States have been creative in funding these sorts of legal assistance programs. Colorado officials say they amended their Medicaid spending plan to provide grants to two such partnerships. Other states have sought federal waivers allowing them to support those programs. The Department of Veterans Affairs also has funded medical-legal partnerships at clinics.
Scanlon, the attorney at the Salud clinic, is part of a nonprofit organization called Medical Legal Partnership Colorado that operates under a joint agreement with the clinic. Colorado's Medicaid program approved a $300,000 grant to the partnership that was renewed this year to pay for three attorneys' salaries.
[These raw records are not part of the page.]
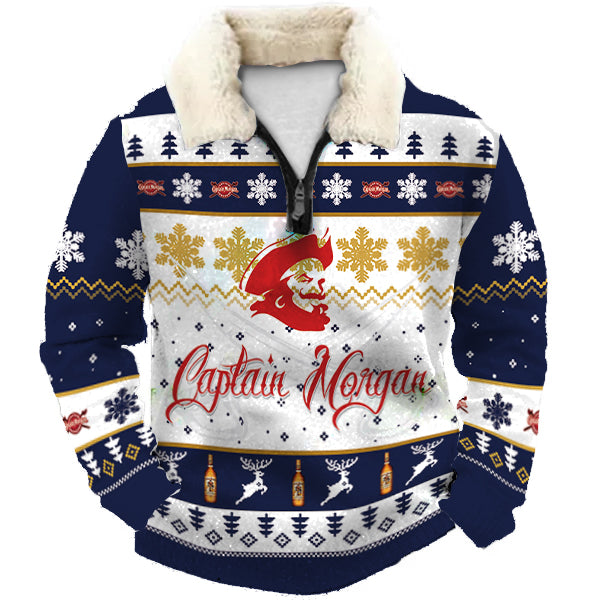 Christmas Ugly Quarter Zip Sweatshirt Collection 216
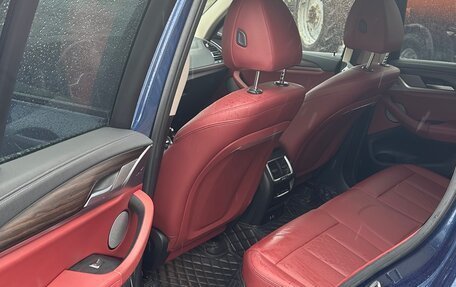 BMW X3, 2021 год, 7 000 000 рублей, 23 фотография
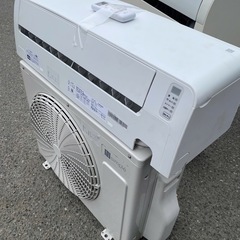 標準取付工事込み金額 ニトリ エアコン NTR-22C-W 2021年製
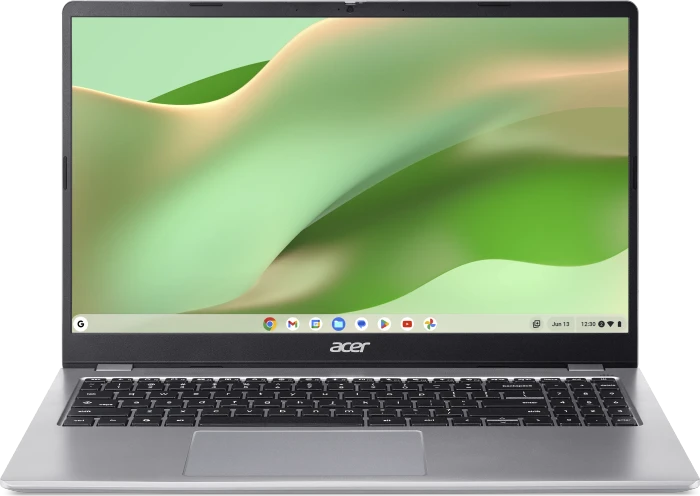 Acer Chromebook 15 CB315-7H-C4VS, Sparkly Silver, N50, 8GB RAM, 128GB Flash, DE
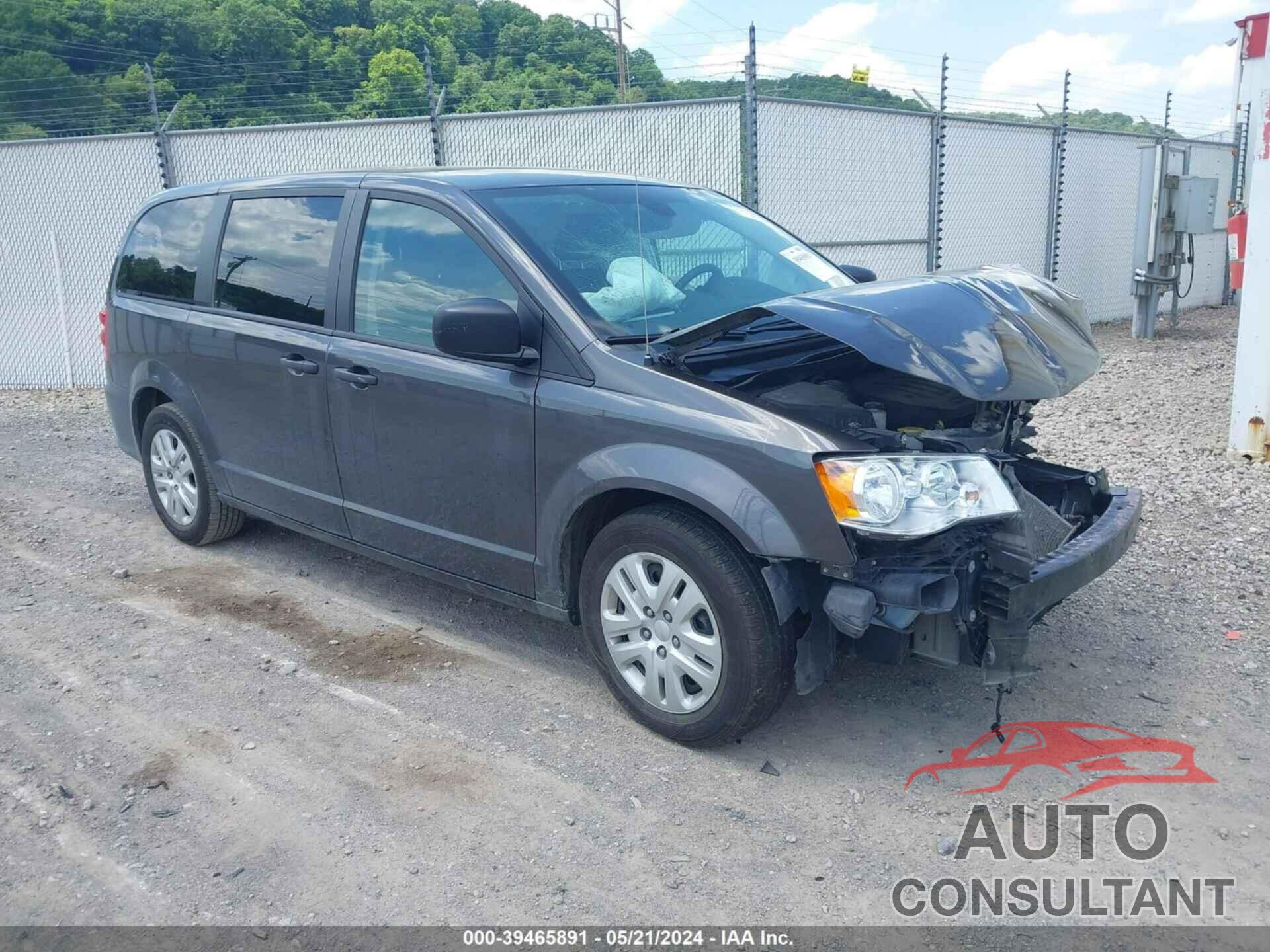 DODGE GRAND CARAVAN 2019 - 2C4RDGBG8KR745540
Authorizing the funding took little convincing, says Michelle Miller, chief nursing officer for the state's Medicaid program. "When we were asked to approve funding for this, I jumped at it," Miller says.
One woman's story
For Cynthia Enriquez De Santiago, the 19-year-old patient from Salud's Commerce City clinic, legal advice made all the difference to her medical care.
In addition to her cerebral palsy, the teen is blind and has difficult speaking; she needs round-the-clock care, including help eating and using the bathroom. Her doctor at the clinic put Rafaela De Santiago, Cynthia's mother, in touch with an attorney who could help her continue to be her daughter's legal guardian after the teen turned 18 last year.
The timing of that legal help proved critical: Several months after seeing the attorney, Cynthia was rushed to a hospital. For no obvious reason, she'd became hypothermic; her blood pressure dropped and her blood-oxygen levels cratered.
"The doctors were telling me I had to be ready for the worst," says the teen's mother through an Spanish-to-English interpreter.
Because she was Cynthia's legal guardian, her mother was able to sign off on follow-up tests after that emergency to quickly get to the root of the medical problem and help prevent it from happening again.
Without guardianship, "it would have been really, really hard, because I wouldn't know where to begin the process," Rafaela De Santiago says.